Upper management and burnout

People who are higher in the management chain are more burnt out, specifically middle managers are super burnt out. And executives are incredibly miserable right now. The data is just stunning, and especially over the last quarter. And I think a lot of that misery comes from trying to balance the fact that they very clearly see the benefits of being in the office. In part because the work that they do is very much and historically has been rooted in being around other people. Managing by walking around. And also statistically, people who are in the C-suite live a lot closer to the office. So the commute, not as much of a big deal. They’re probably older so they’re not dealing with smaller children and things like school pickup, that sort of thing. So right now, they’re dealing with that. They’re like, “We’ve done all these nice things. Why do these other people not want to come back into the office?” And don’t understand this pushback, this continual pushback of, “No, this ship is sailed. We are not coming back into the office five days a week. No way.” So you can see that sort of misery derived from trying to balance those competing desires of what they personally experience with what they’re hearing from their workforce

Trusting your employees in hybrid work

It’s kind of like parenting in terms of if you trust your workers, like you trust your teens, they’re going to behave in ways that are trustable. If you treat them like small children who you have to watch everything that they do, they’re going to act out. And I’m not trying to be infantilizing here. I just think that when you infantilize your employees, then they behave like infants… especially if the C-suite is older, and I’m talking probably older than 45, older than 50. They do not understand the potential for actually building meaningful friendship and culture in online spaces. And that’s not their fault. They just didn’t grow up making good friends online. So they don’t understand that that’s something that actually can be forged. It takes hard work, especially on an organizational level. But it is possible.

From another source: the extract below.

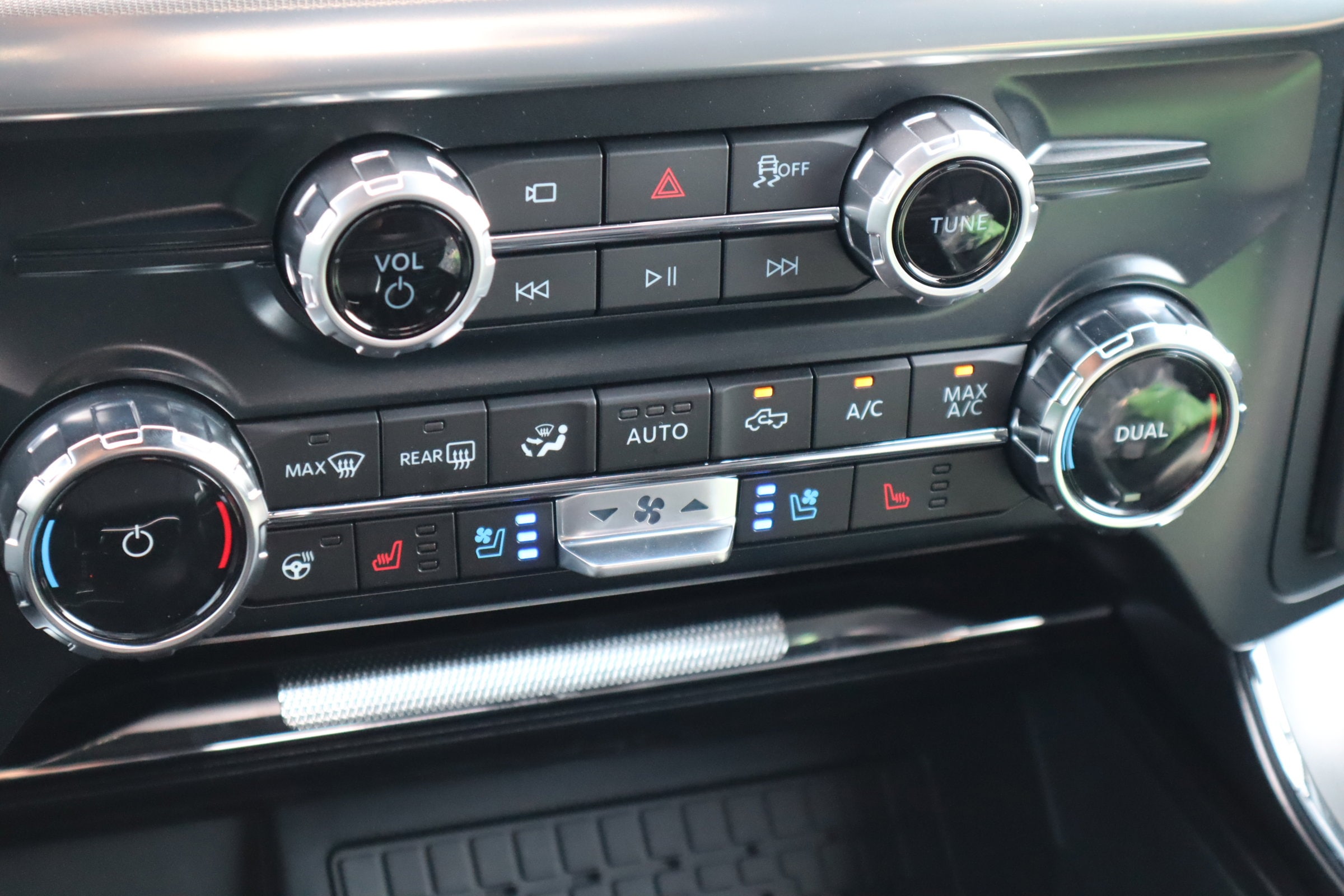 2025 Ford F-150 Lariat - Photo 29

Middle management is struggling

I think those people are dealing with a lot of burnout. And part of it is they’re trying to juggle the demands of the people in the C-suite, with the equally strong demands of the people, the rest of the workforce. And they are forced to be interpreters for both sides. And that’s exhausting. And I also think that they’re burnt out because most places have not done extensive training in management generally, but specifically in management in hybrid scenarios. Because it’s a different skillset. It really is. And you can’t solve it by having a one-time optional webinar. It’s ongoing training and thinking about the skills that need to be refined in order to master that type of management.

Misery floats down

When a boss is miserable, that misery floats down. If a boss is burnt out, that burnout floats down too. Because if you’re burnt out, then you’re not managing your work well. And it overflows onto other people who then burn out, and it overflows. These are problems that are not limited to one individual. They’re very much a problem that the entire organization has to grapple with.

Modeling recovery

Leadership is really trying to figure out how to model rest. And it’s hard. Because part of the way that you get to the top is by not resting, at least in our current understanding of how work works. But if the other employees in an organization look upwards for their understanding of what good work looks like, work that is valued within the organization. Then if you have a burnout problem, it starts at the top almost always.